= Beginning of Section =
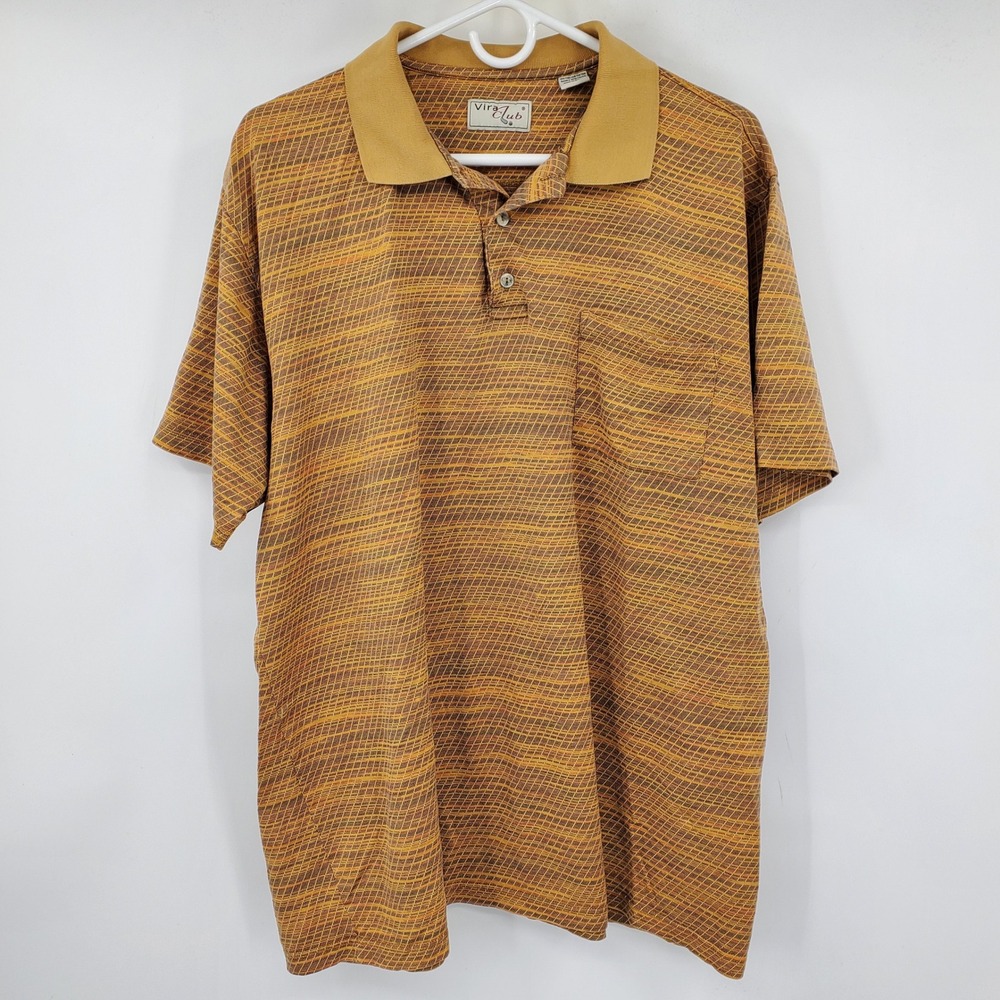 Vira Club Mens 1XB Polo Shirt Italian Mercerized Cotton Geometric Grandpa Y2K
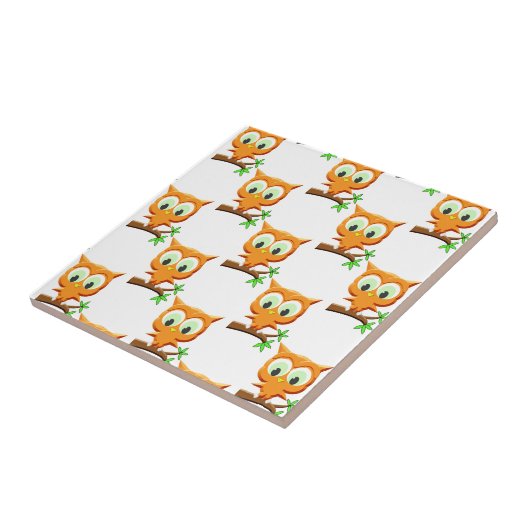 Cartoon Kleine Owl auf Zweigmuster Fliese (Seite)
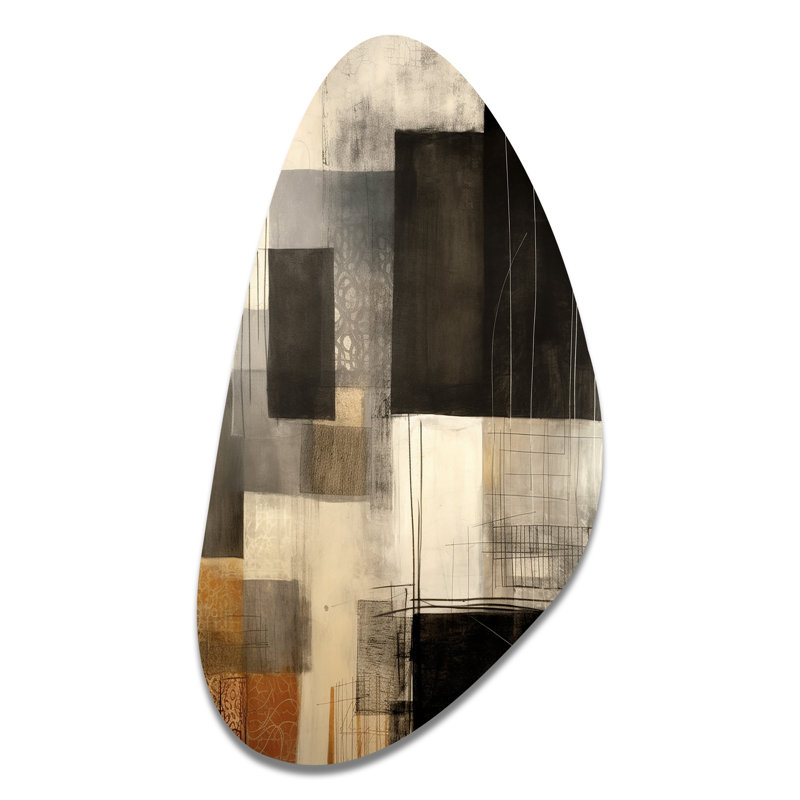 «Black Mid Century Fusion II - Mid Century», art métallique asymétrique moderne, impression métallique de forme unique moderne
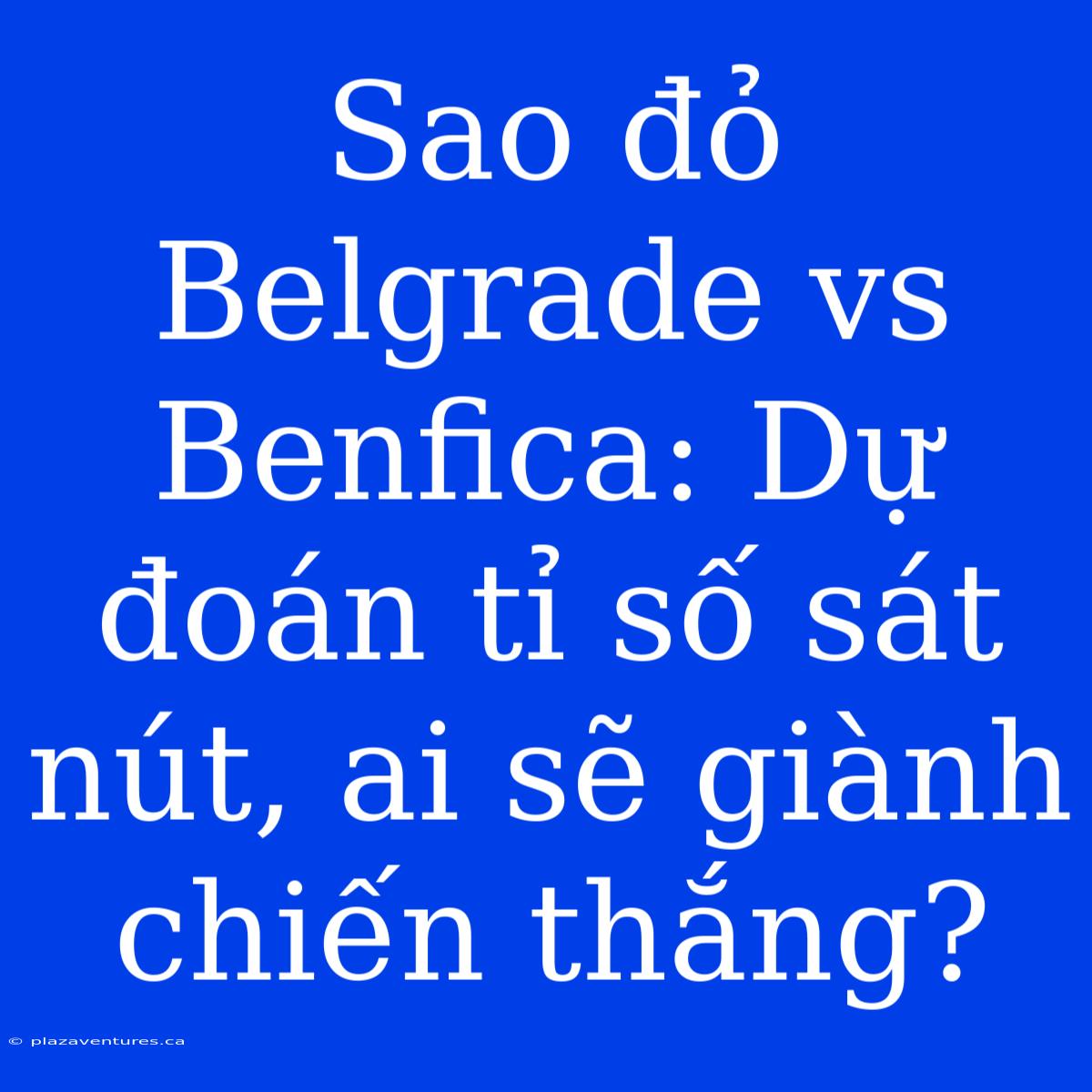 Sao Đỏ Belgrade Vs Benfica: Dự Đoán Tỉ Số Sát Nút, Ai Sẽ Giành Chiến Thắng?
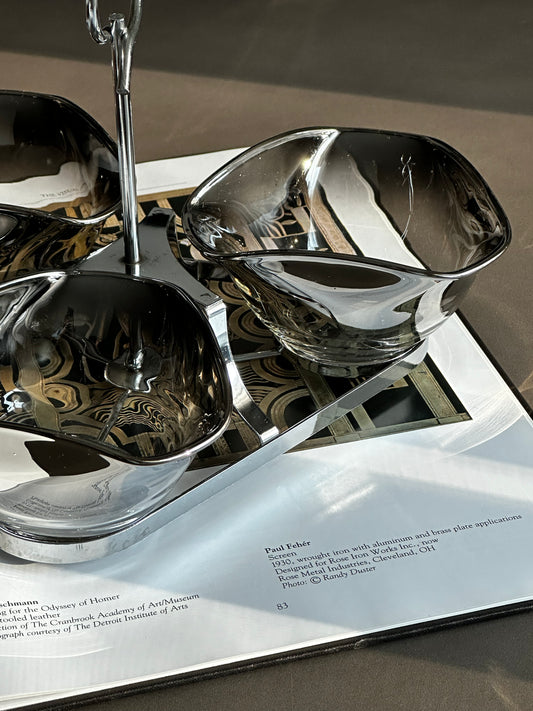 Bols à condiments en verre argenté ombré style années 50 avec support chromé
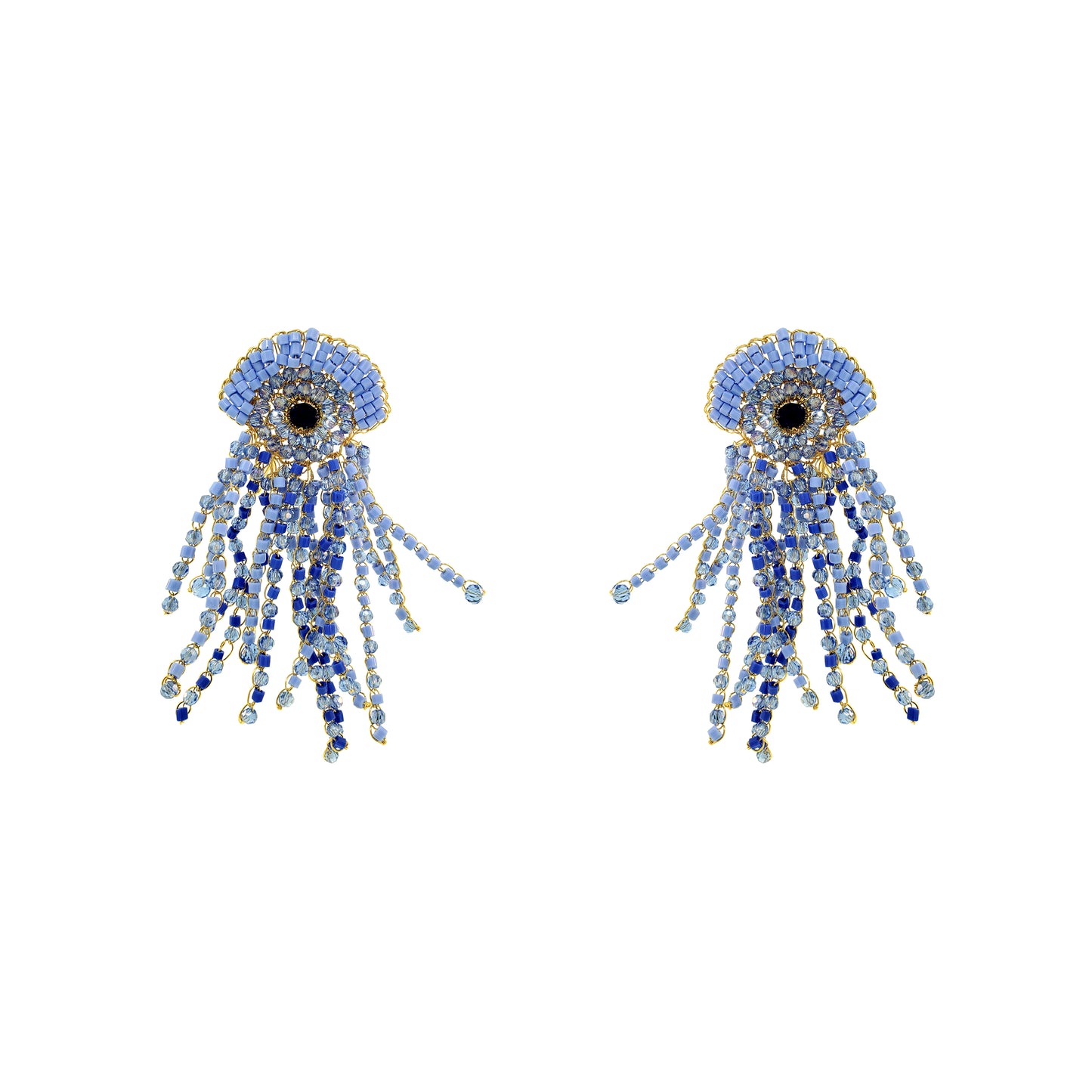 Sky Blue Mix Oceanus Maxi Handmade Crochet Earrings
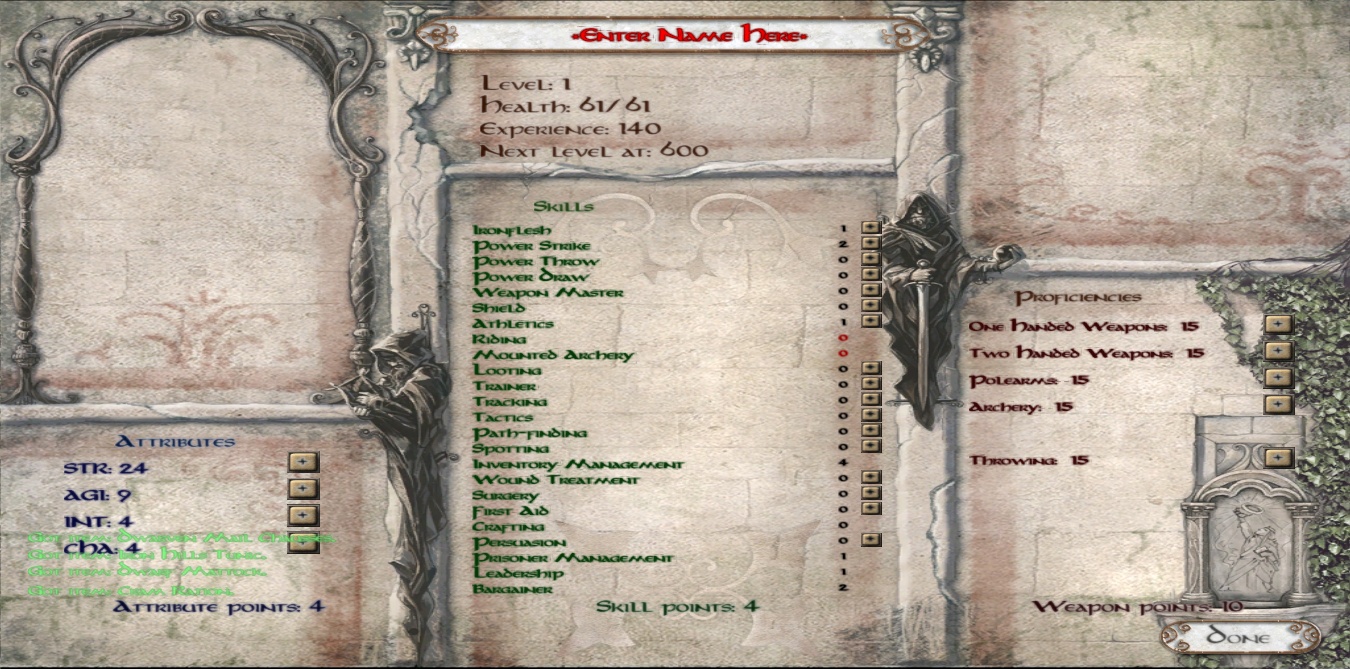 mount and blade starting stats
= End of Section =
About this task:
Write out each line of the data above exactly, starting at the top and finishing with the line containing "Sao Đỏ Belgrade"; omit the pictures.

Output below:
 Vira Club Mens 1XB Polo Shirt Italian Mercerized Cotton Geometric Grandpa Y2K
 Cartoon Kleine Owl auf Zweigmuster Fliese (Seite)
 «Black Mid Century Fusion II - Mid Century», art métallique asymétrique moderne, impression métallique de forme unique moderne
 Sao Đỏ Belgrade Vs Benfica: Dự Đoán Tỉ Số Sát Nút, Ai Sẽ Giành Chiến Thắng?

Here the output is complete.